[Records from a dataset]
*****

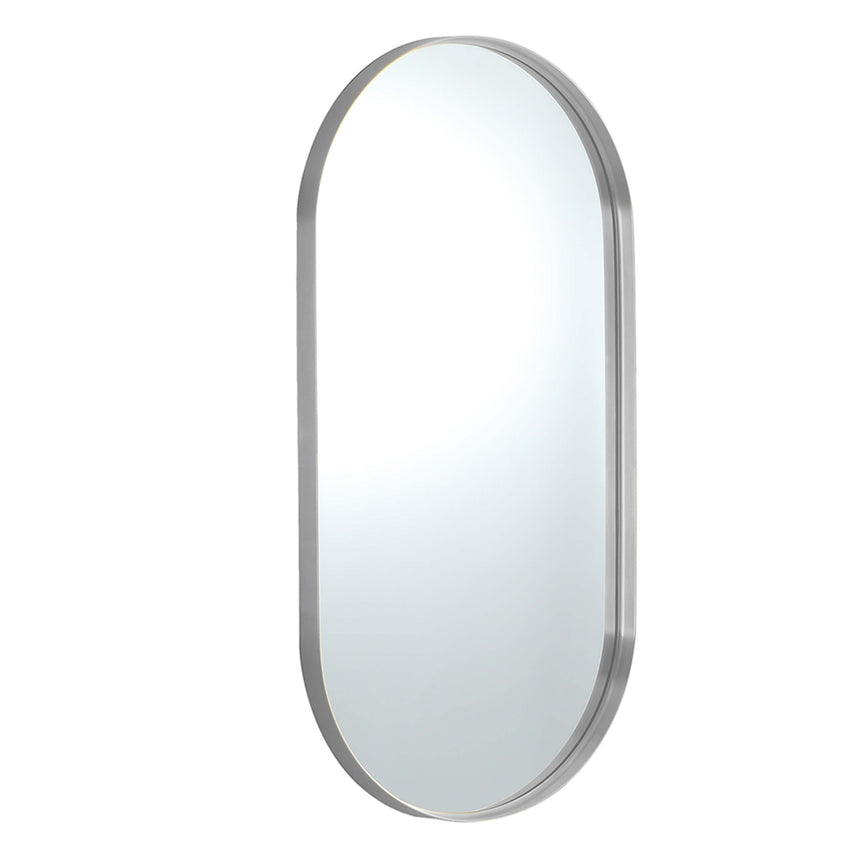 Ellips Lukka framed mirror 600x1500mm by Tilemall with brushed nickel oval frame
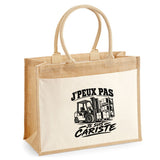 Sac Cabas Jute avec Poche J’peux pas je suis Cariste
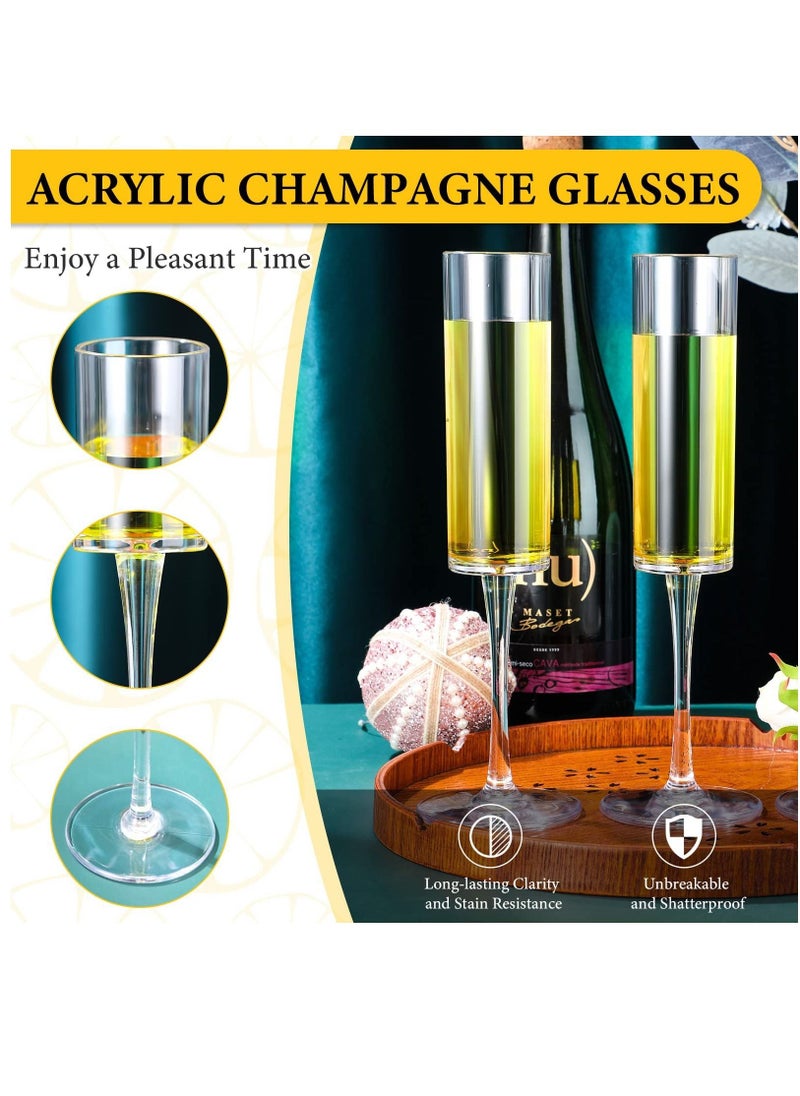 SYOSI Drink Flutes Goblets, Disposable Plastic Acrylic Drinkware Reusable Toasting Goblets Crystal Cups for Party Wedding Birthday Anniversary and Catered Events 8 Pieces  - Image 2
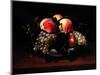 Earthenware Cup with Peaches, Grapes and Bees-null-Mounted Giclee Print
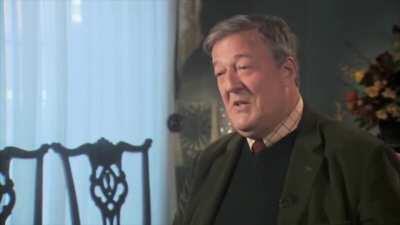 The interviewer dying inside while Stephen Fry talks about God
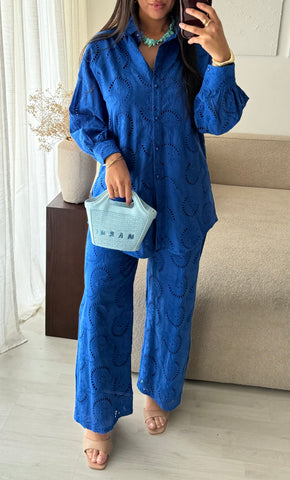Ensemble broderie anglaise bleue roi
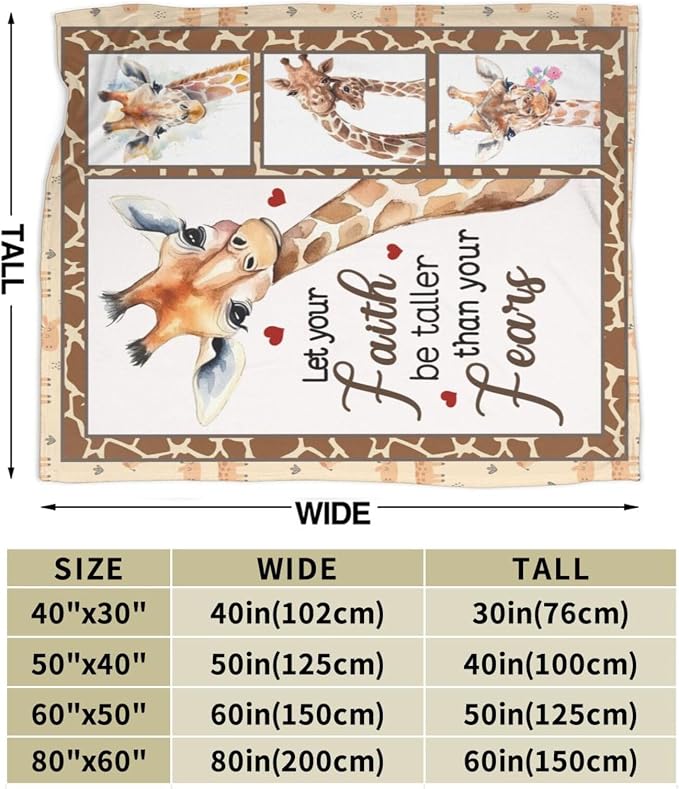 Giraffe Blanket Soft Cozy Cute Giraffe Throw Blanket Warm Giraffe Flannel Fleece Plush Blanket Stuff Animal Decor Blanket Gifts for Lover Kids Girls Boys Women Adults Bed Travel 50"x60"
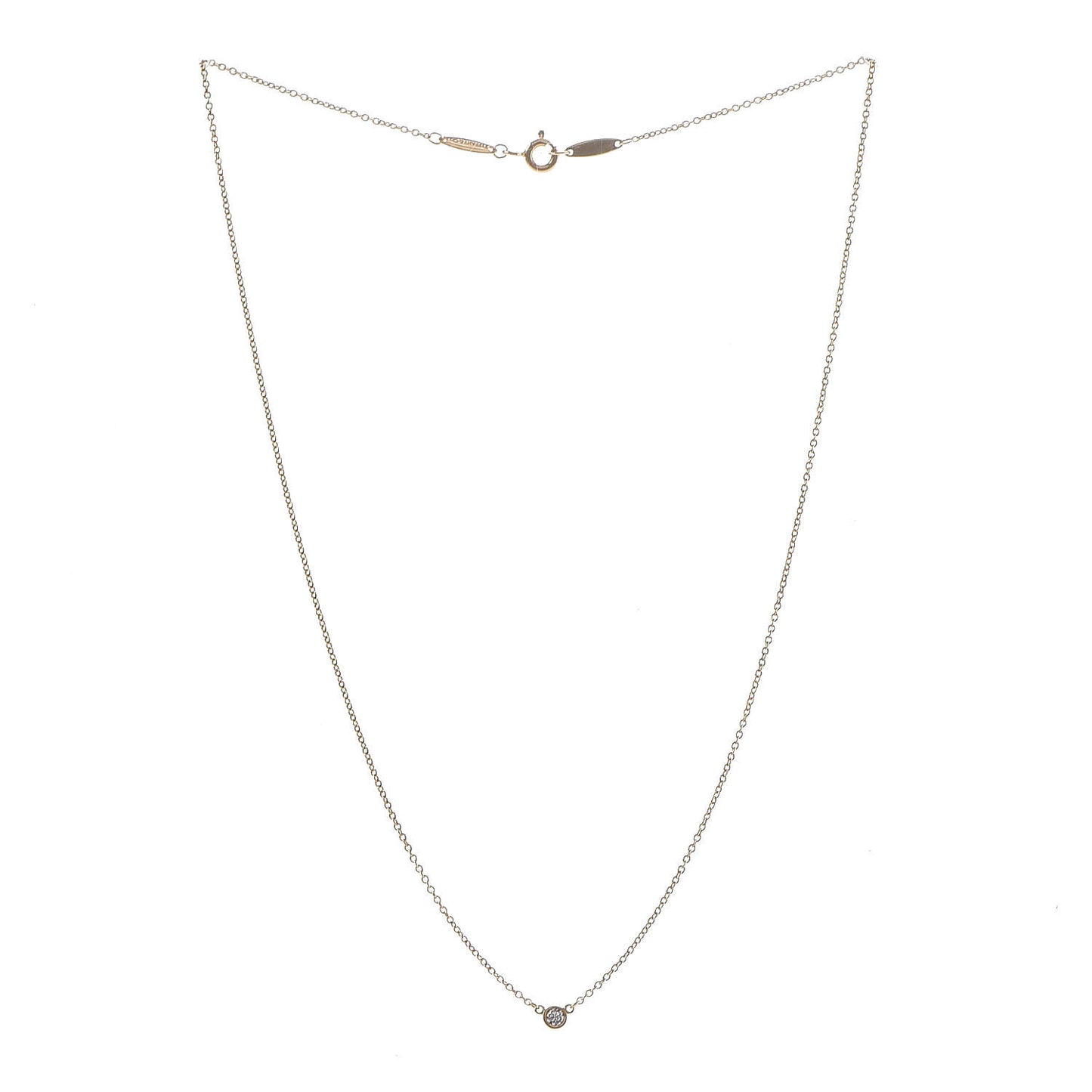 18K Yellow Gold Diamond .05ct Elsa Peretti Diamonds by the Yard Pendant Necklace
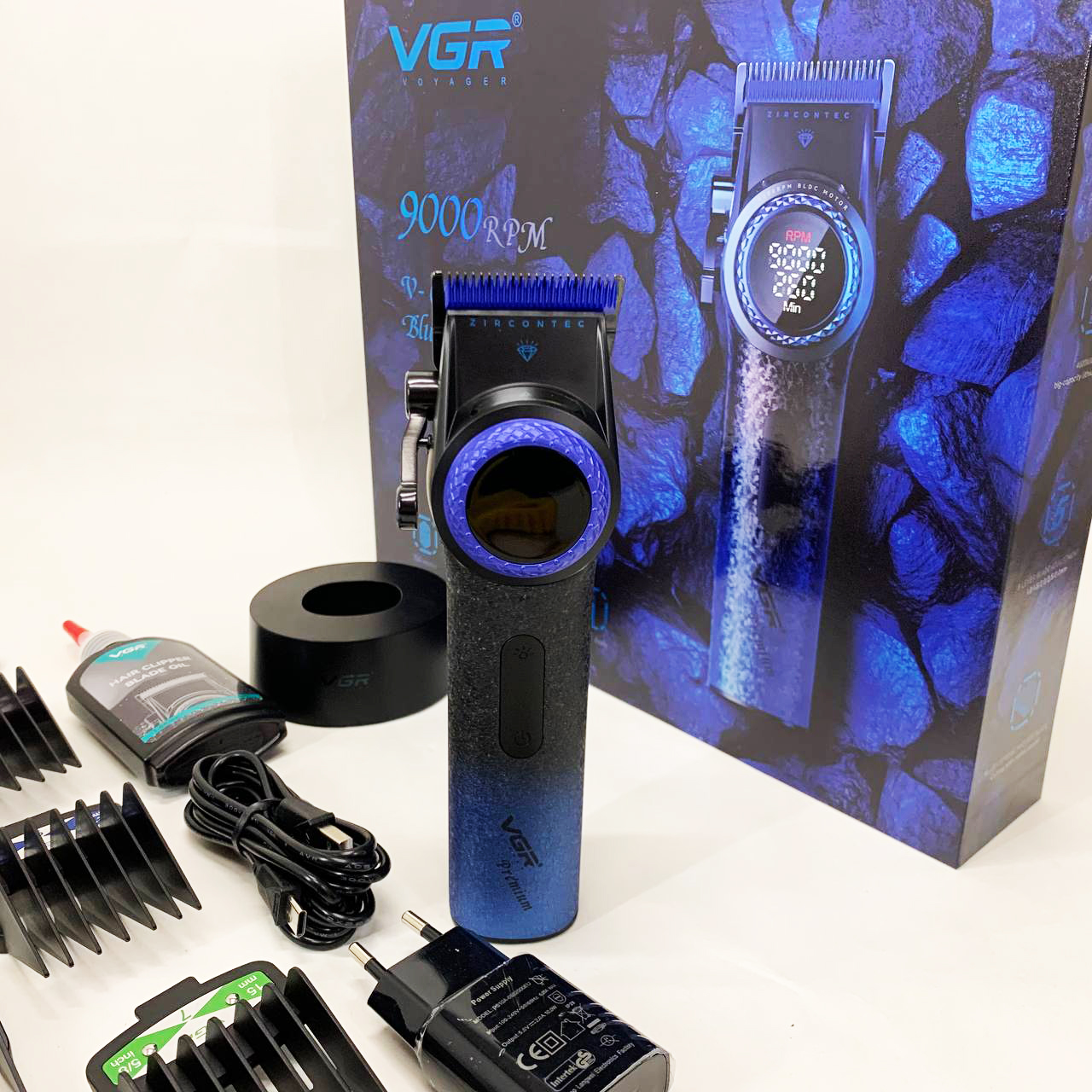 Профессиональная машинка для стрижки волос VGR V-001 BLUE с дисплеем 9000 об/мин и 10 насадками 1,5-24 мм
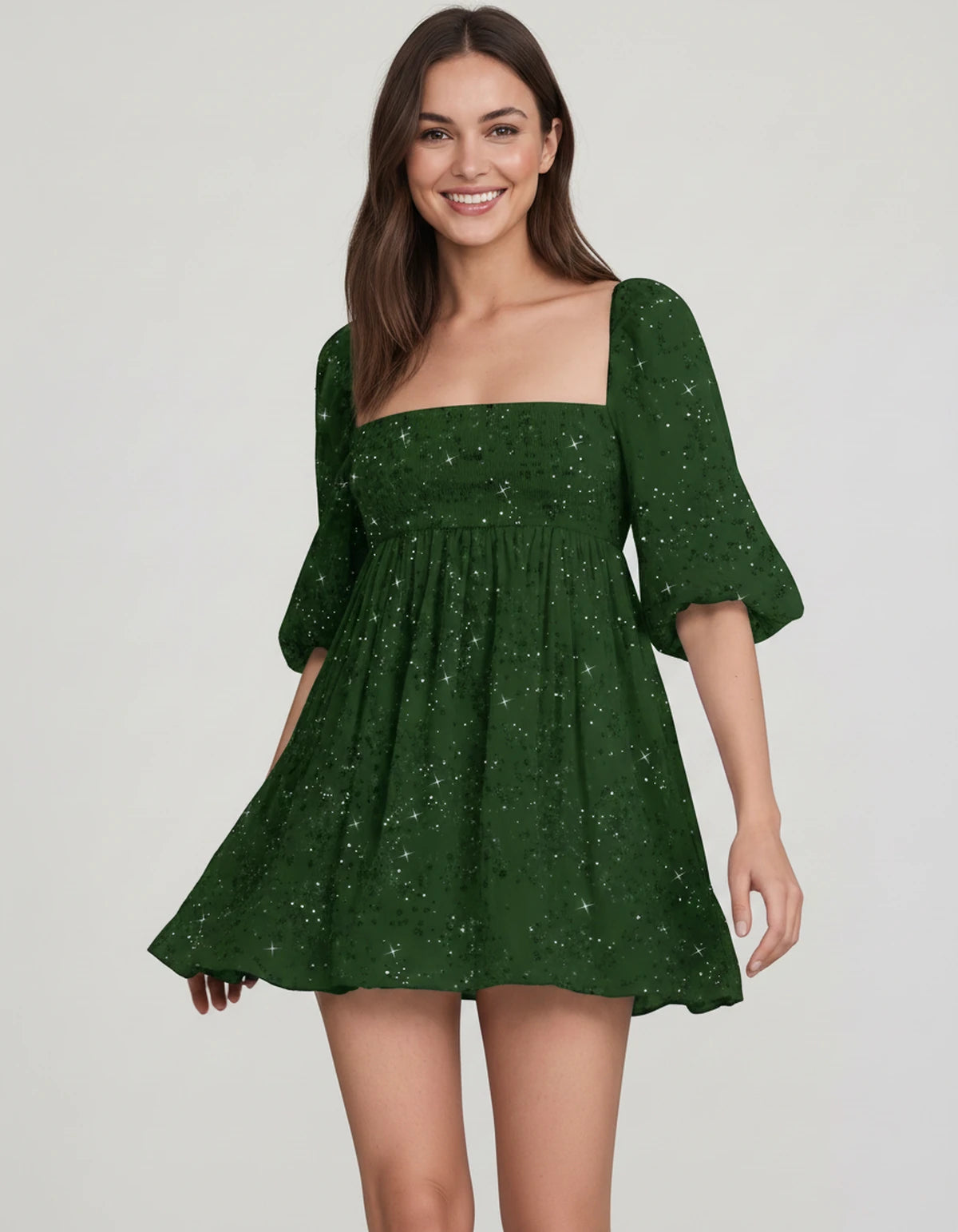 Avelina Mini Dress — Emerald | SKU: SD-79760-emerald-2,SD-79760-emerald-4,SD-79760-emerald-6,SD-79760-emerald-8,SD-79760-emerald-10,SD-79760-emerald-12,SD-79760-emerald-14,SD-79760-emerald-16,SD-79760-emerald-16W,SD-79760-emerald-18W,SD-79760-emerald-20W,SD-79760-emerald-22W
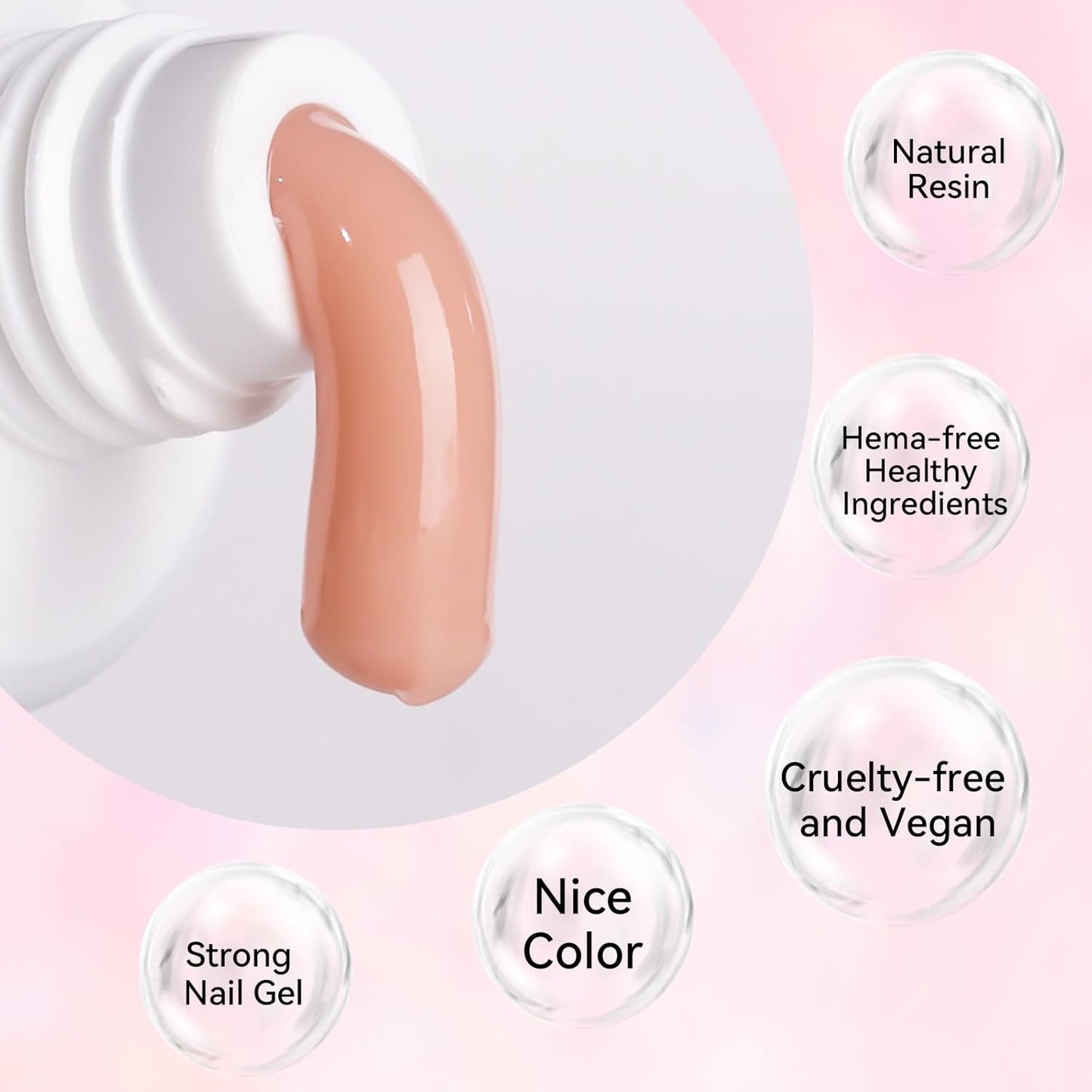 Makartt Poly Nail Gel Kit, 2PCs 50ML Light Nude & Dark Almond Colors, Large Capacity Poly Nail Gel Set, Strong Builder for Extension, Strengthener, 3D Diy Hard Gels Manicures Home Salon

*****

» **Work instructions**: Could you repeat all of the entries exactly, without any of the images?

» **Solution to this problem**:
 Ellips Lukka framed mirror 600x1500mm by Tilemall with brushed nickel oval frame
 Sac Cabas Jute avec Poche J’peux pas je suis Cariste
 SYOSI Drink Flutes Goblets, Disposable Plastic Acrylic Drinkware Reusable Toasting Goblets Crystal Cups for Party Wedding Birthday Anniversary and Catered Events 8 Pieces  - Image 2
 Earthenware Cup with Peaches, Grapes and Bees-null-Mounted Giclee Print
 The interviewer dying inside while Stephen Fry talks about God
Ensemble broderie anglaise bleue roi
 Giraffe Blanket Soft Cozy Cute Giraffe Throw Blanket Warm Giraffe Flannel Fleece Plush Blanket Stuff Animal Decor Blanket Gifts for Lover Kids Girls Boys Women Adults Bed Travel 50"x60"
 18K Yellow Gold Diamond .05ct Elsa Peretti Diamonds by the Yard Pendant Necklace
 Профессиональная машинка для стрижки волос VGR V-001 BLUE с дисплеем 9000 об/мин и 10 насадками 1,5-24 мм
 Avelina Mini Dress — Emerald | SKU: SD-79760-emerald-2,SD-79760-emerald-4,SD-79760-emerald-6,SD-79760-emerald-8,SD-79760-emerald-10,SD-79760-emerald-12,SD-79760-emerald-14,SD-79760-emerald-16,SD-79760-emerald-16W,SD-79760-emerald-18W,SD-79760-emerald-20W,SD-79760-emerald-22W
 Makartt Poly Nail Gel Kit, 2PCs 50ML Light Nude & Dark Almond Colors, Large Capacity Poly Nail Gel Set, Strong Builder for Extension, Strengthener, 3D Diy Hard Gels Manicures Home Salon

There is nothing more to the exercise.